Les conséquences de l’union de fait sont presque inexistantes en droit civil. Le législateur a ainsi voulu laisser le choix aux gens qui ne désiraient pas vivre à l’intérieur des droits et obligations qu’entraîne l’état de mariage, de le faire. Cependant, le législateur a laissé libre cours aux personnes qui désiraient réglementer eux-mêmes leur union de fait par le biais du contrat en autant que la clause ne soit pas considérée comme immorale. Par contre, le concubinage peut avoir certains effets en droit civil par le biais de dispositions plus générales, notamment en matière de dommages-intérêts.

En droit social, l’union de fait prend une plus grande place, car elle est considérée dans l’octroi des droits. On peut se référer à toutes les lois qui traitent de l’indemnisation des conjoints.

La partie la plus importante de l’union de fait n’est certes pas l’union en tant que tel, mais bien plus la rupture de celle-ci, ainsi que ses conditions et effets.

Si cette rupture résulte du décès de l’un des conjoints, aucun droit en matière de succession n’est accordé au conjoint survivant, si ce n’est que l’octroi possible de dommages-intérêts suite au décès par la faute d’un tiers. Mais en droit social, le conjoint de fait survivant bénéficie généralement des mêmes droits qu’un époux légal, notamment en ce qui a trait aux rentes et indemnités.

Par contre, si cette rupture résulte d’une séparation, il en va autrement. En droit civil, la rupture n’emporte que quelques effets. Ainsi, le droit au maintien dans les lieux selon l’art. 1938 C.c.Q. est un des effets dont va bénéficier le concubin du locataire à la cessation de la vie commune. De plus, le droit d’usage de la résidence familiale, quoiqu’il ne vise en principe que les époux légalement mariés, a déjà été accordé à un conjoint de fait dans Gagnon c. Angers, C.A. Québec, 500-09-001972-967.
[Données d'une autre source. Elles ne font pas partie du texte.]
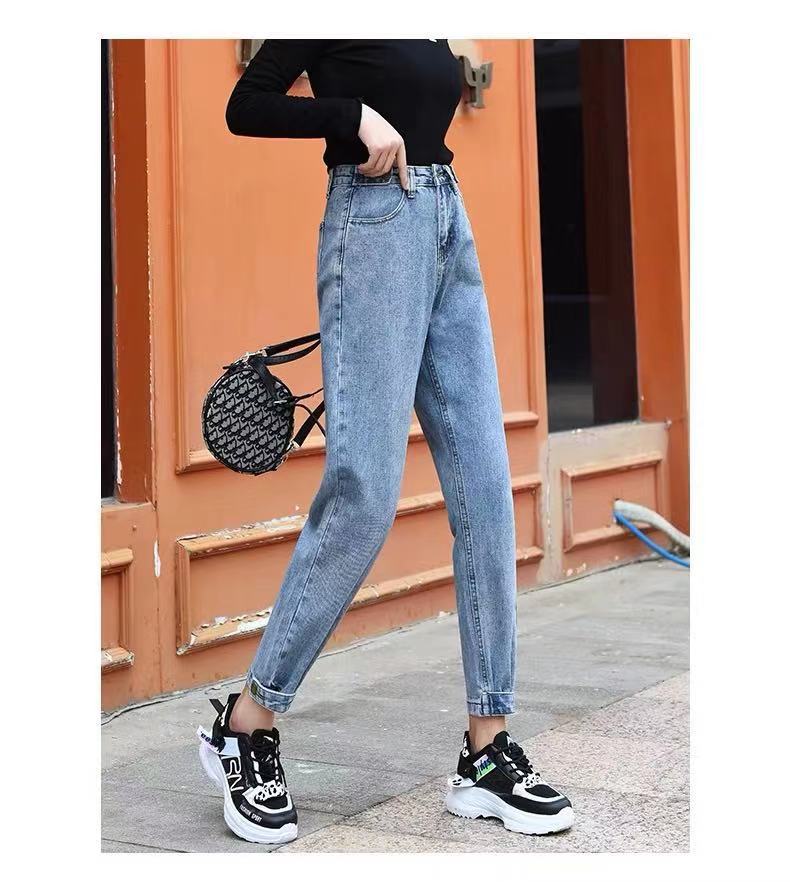 2020新款松紧腰牛仔裤女宽松高腰显瘦哈伦老爹裤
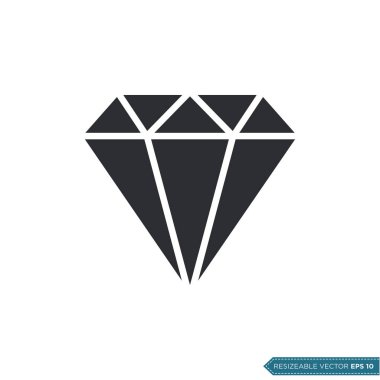 Elmas Moda Simgesi Vektör Şablonu Çizim Tasarımı EPS 10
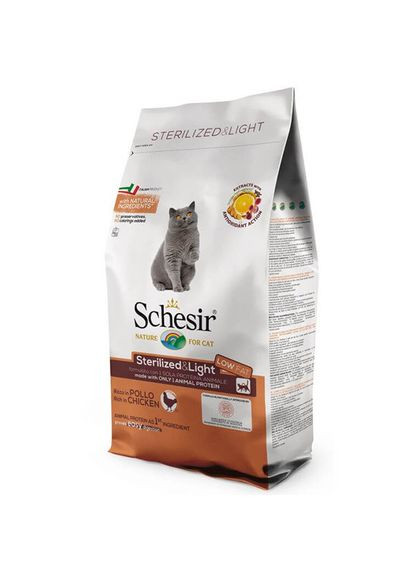 Сухой корм Cat Sterilized & Light для стерилизованных кошек и кастрированных котов 10 кг (8005852760845) Schesir (307981333)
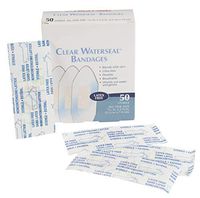 Adhesive Strips. Pack of 50 Clear Adhesive Bandages for Wound Protection. Sterile Bandages with Non-Adherent pad. Single use. Thin, Breathable, Flexible Strips. Easy to Apply.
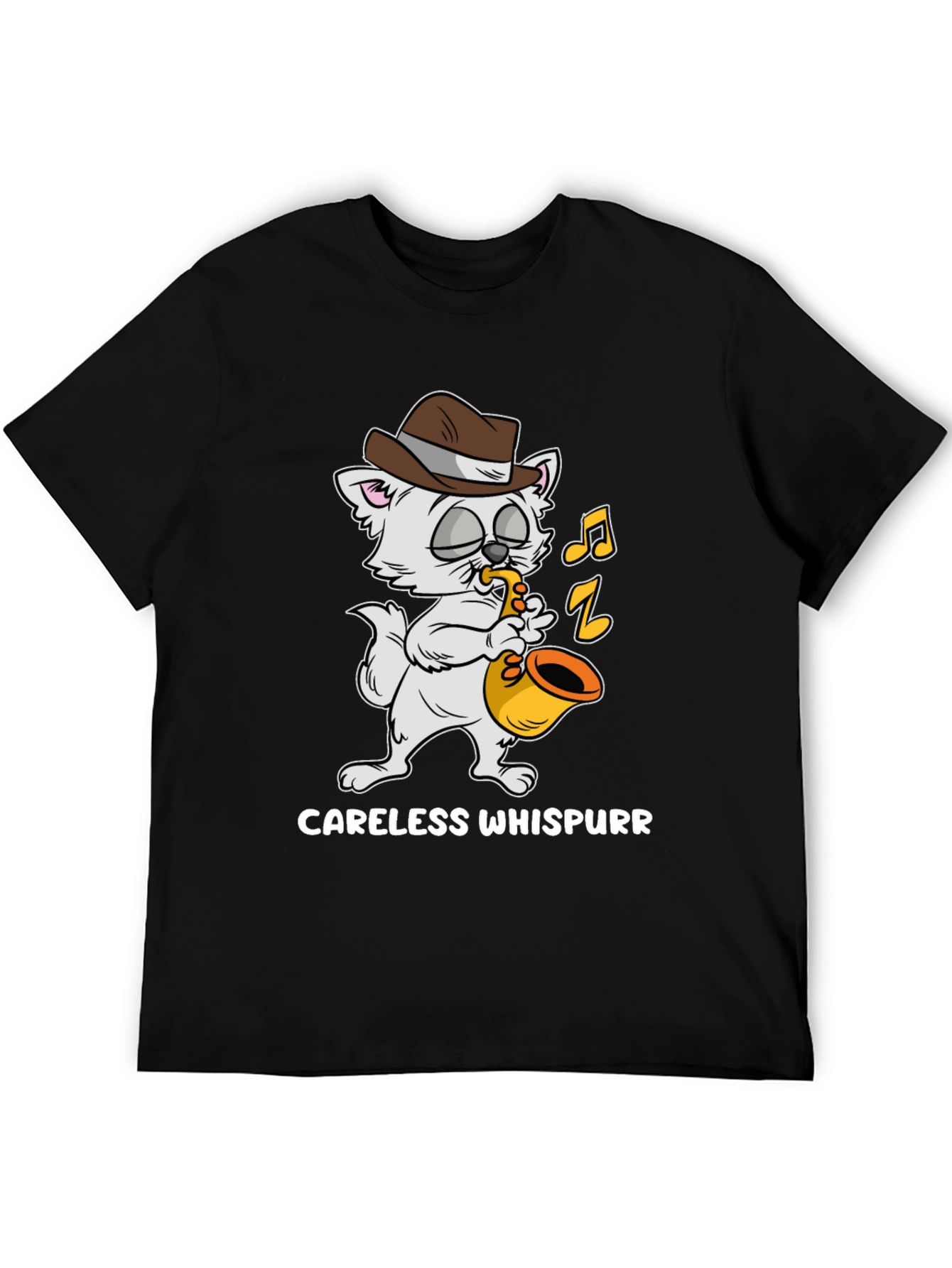 Careless Whispurr Cat Saxophone T-Shirt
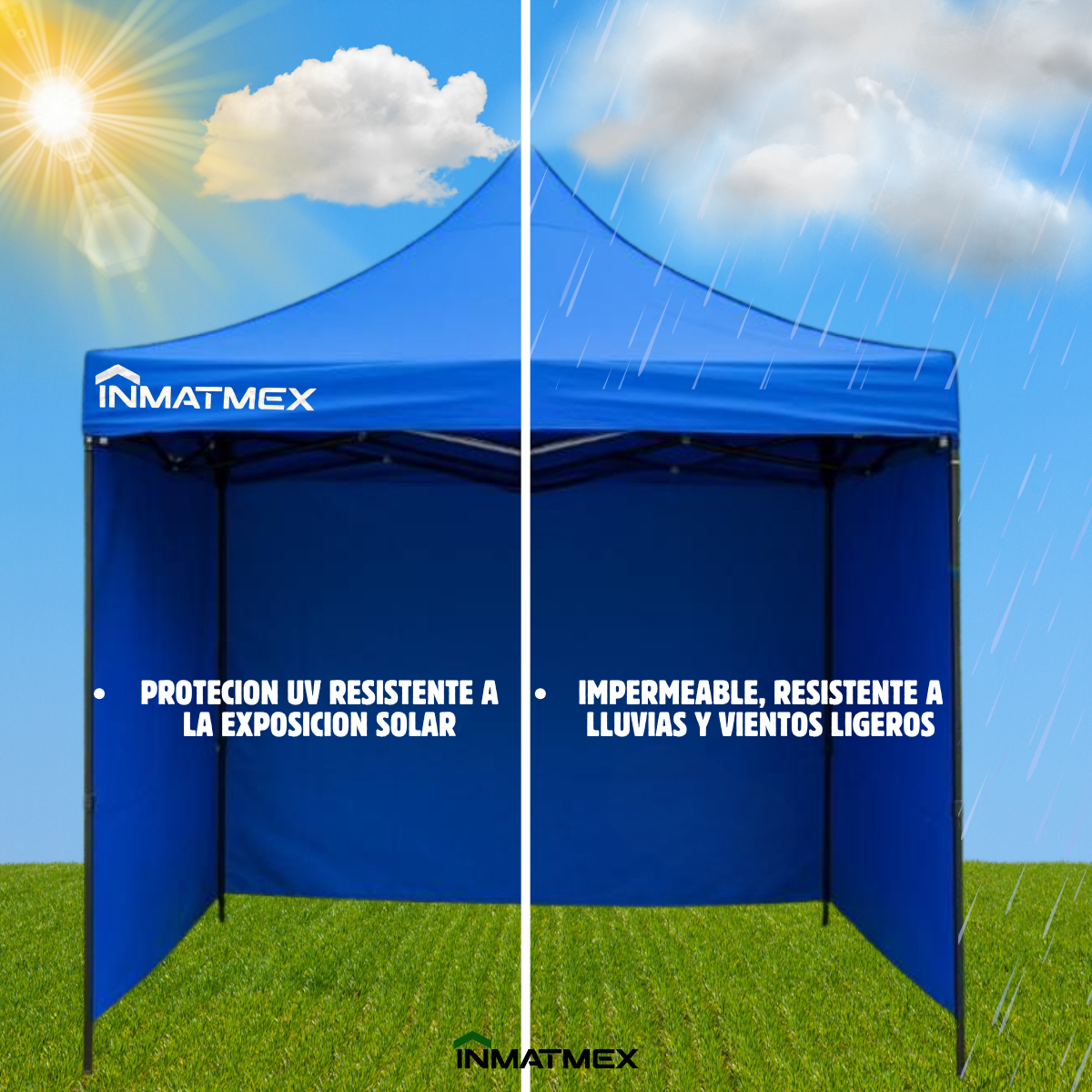 Carpa 3X3 M Azul Con Paredes demontables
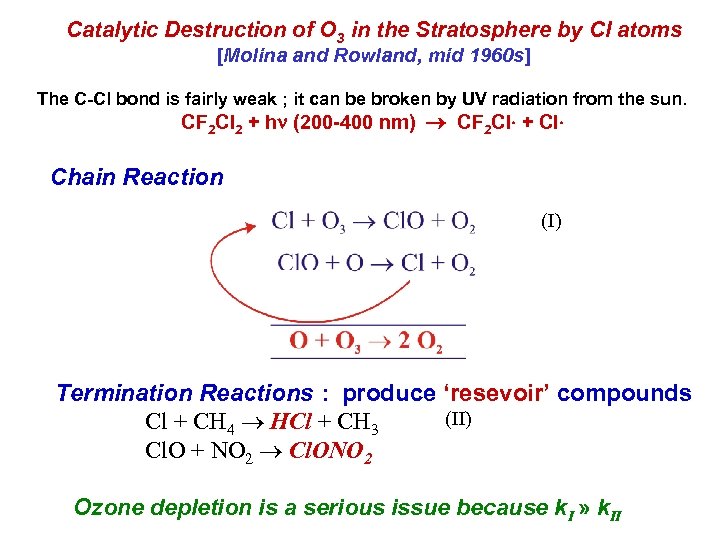 Catalytic Destruction of O 3 in the Stratosphere by Cl atoms [Molina and Rowland,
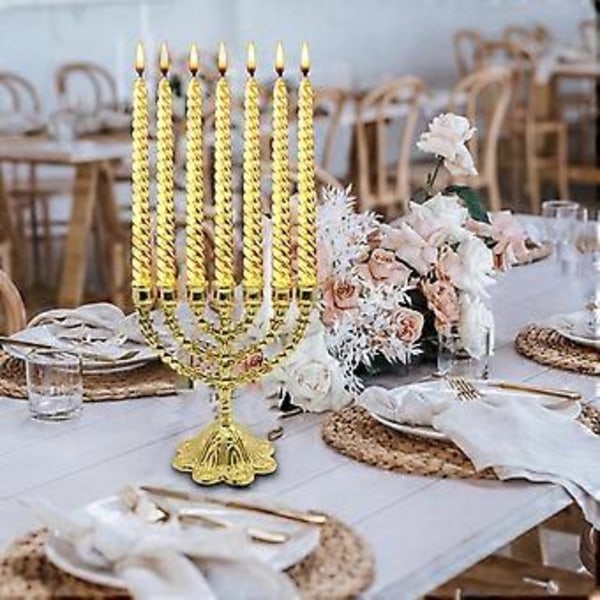 Hanukkah Menorah Metall Ljushållare Tealighthållare 7 Grenar Ljusstake för Middagsbjudningar Dekorationer Heminredning Höjd 17cm (Gyllene) Golden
Comme on le constate ici, l’union de fait n’emporte donc pas des effets précis et il peut être discriminatoire ou préjudicieux pour certains conjoints d’être dans cette union. Il serait en effet plus prudent de prévoir un contrat régissant les droits et obligations de chacun et les modalités en cas de séparation pour que chacun y trouve son compte et que personne ne soit pénalisé de par le manque de disposition législative de ce type d’union.